Toward sunset the following evening, I stationed myself in front of the boarding house where my brother had his bed. I didn’t know whether he would come directly home or go to the synagogue, first, but I wanted to take no chance of missing him.
It was getting dark already when I noticed two ragged, human skeletons dragging themselves along the pavement. They moved on scrawny, tottering legs and seemed, every so often, barely to be able to keep each other from pitching face down into the mud, so paralyzed were they by lack of sleep. It took me some time to recognize one of the ghosts as my brother.
I threw my arms around him but he gave me a blank look and continued shuffling forward, as if afraid to lose his momentum.
I cried, “Mordechai, it’s me, your brother, Jacob.” But he and his companion kept on. No doubt if he’d had any strength left in his body he would have thrown me off him.
I followed closely behind, ready to catch my brother when he fell, but he somehow made it up to the attic and lurched into the dormitory. Before he could lie down, I grabbed his arm and once again tried to remind him who I was.
He peered at me with eyes no longer able to focus. Finally, he extended a limp hand covered with flour and dough and told his landlady, “Give him to eat.” Then he fell on his bed as though he’d been shot.
To tell the truth, I was beginning to feel a little unwelcome. Here it was Shabbos, the day of rest that Mordechai was enjoying, but also the one day in the week on which it is forbidden to fast.
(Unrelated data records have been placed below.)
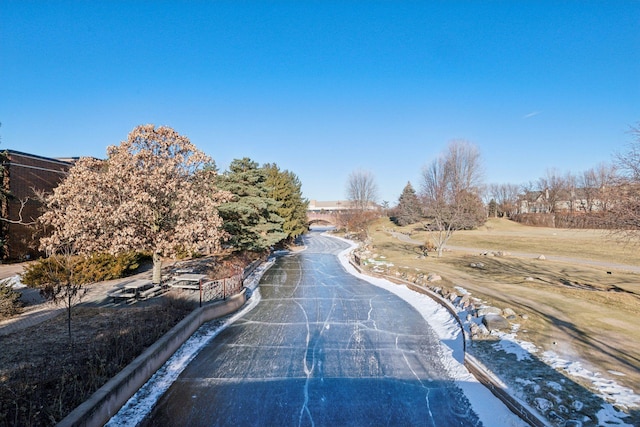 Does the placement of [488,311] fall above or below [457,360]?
above

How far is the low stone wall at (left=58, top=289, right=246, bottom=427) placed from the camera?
16.3 ft

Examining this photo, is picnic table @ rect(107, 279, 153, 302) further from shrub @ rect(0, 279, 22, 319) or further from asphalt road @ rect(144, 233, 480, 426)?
asphalt road @ rect(144, 233, 480, 426)

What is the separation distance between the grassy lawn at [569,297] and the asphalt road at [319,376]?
2964mm

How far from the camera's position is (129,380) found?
20.5 feet

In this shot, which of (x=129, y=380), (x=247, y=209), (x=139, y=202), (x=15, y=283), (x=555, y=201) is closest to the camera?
(x=129, y=380)

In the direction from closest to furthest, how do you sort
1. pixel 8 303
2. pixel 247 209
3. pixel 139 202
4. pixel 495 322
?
pixel 495 322 < pixel 8 303 < pixel 139 202 < pixel 247 209

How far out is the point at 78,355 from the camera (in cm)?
706

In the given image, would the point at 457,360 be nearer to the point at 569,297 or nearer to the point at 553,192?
the point at 569,297

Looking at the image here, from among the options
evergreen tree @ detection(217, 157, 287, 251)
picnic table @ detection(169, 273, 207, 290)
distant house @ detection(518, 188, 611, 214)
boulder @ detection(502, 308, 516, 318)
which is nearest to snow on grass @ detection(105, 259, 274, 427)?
picnic table @ detection(169, 273, 207, 290)

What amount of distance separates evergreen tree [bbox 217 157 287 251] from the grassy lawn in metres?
10.3

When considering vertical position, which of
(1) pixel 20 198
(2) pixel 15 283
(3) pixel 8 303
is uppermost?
(1) pixel 20 198

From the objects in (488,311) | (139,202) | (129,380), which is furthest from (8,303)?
(488,311)

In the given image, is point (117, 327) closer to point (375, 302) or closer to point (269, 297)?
point (269, 297)

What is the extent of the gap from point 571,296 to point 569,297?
0.22 metres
And while tonight I might have inherited Mordechai’s portion, my brother’s condition and that of the other bakery boys, combined with their snores that sounded like trains getting up steam at a railroad station, killed my appetite.
Nevertheless, my last wakeful thoughts before falling into my own stupor were of utter contentment. Now that I had found my brother, I knew he would take care of me.
•••
The moment Shabbos was over, Mordechai, true to his word, took me back with him to his bakery and saw to it that I got a job. By the time the night was over, I’d already begun to get a picture of what it meant, back in those simple, unspoiled days, to be a baker’s apprentice. Then I understood why, even among boys as hungry and homeless as myself, the kind of person who voluntarily became a baker was considered half-dead, no longer a human being.
My brother had come to Warsaw innocently, ready to take on any kind of honest work, but after hungering for several days, simply had been attracted by the smell of fresh bread. Almost at the moment he set foot in the store, half-hypnotized by the intoxicating odors, he found himself signed up for an apprenticeship of three years. That meant his work and time belonged totally to a master who, for the first two years, was under no obligation to teach him anything at all.
At the time, a good working day could run twenty-two or even twenty-four hours. To make up for this, however, you were free all Friday night and all day Shabbos until sundown. However, the moment after havdoloh separated day from night, and the sacred from the profane, the boys panted back to the bakery like condemned souls being lashed by demons and didn’t see sunlight again till the end of the week.
Unlike in New York (whose bakeries, several decades earlier, had already had steam driven machinery), all the kneading, mixing and baking in Warsaw at the turn of the century still was done by hand. In addition, wood had to be chopped for the ovens, barrels of water hauled from the well, and flour from two hundred-pound sacks dumped into huge vats and kneaded by hand by bakers asleep on their feet.
I remember the shock it gave me the first time I saw my brother and two other boys immersed in and struggling through a swamp of flour and water while the sweat ran freely off their brows and arms and into the dough. One of them, you’ll forgive me for mentioning it, had a runny nose adding its steady drip to the mixture. The quality of baked good produced under such conditions I leave to your imagination.
The following week, when my brother told me of a slightly better job available at another bakery, I thanked him kindly and decided to pass it up. In fact, hungry as I was, it took some time before I could once again sink my teeth heartily into a chunk of fresh bread.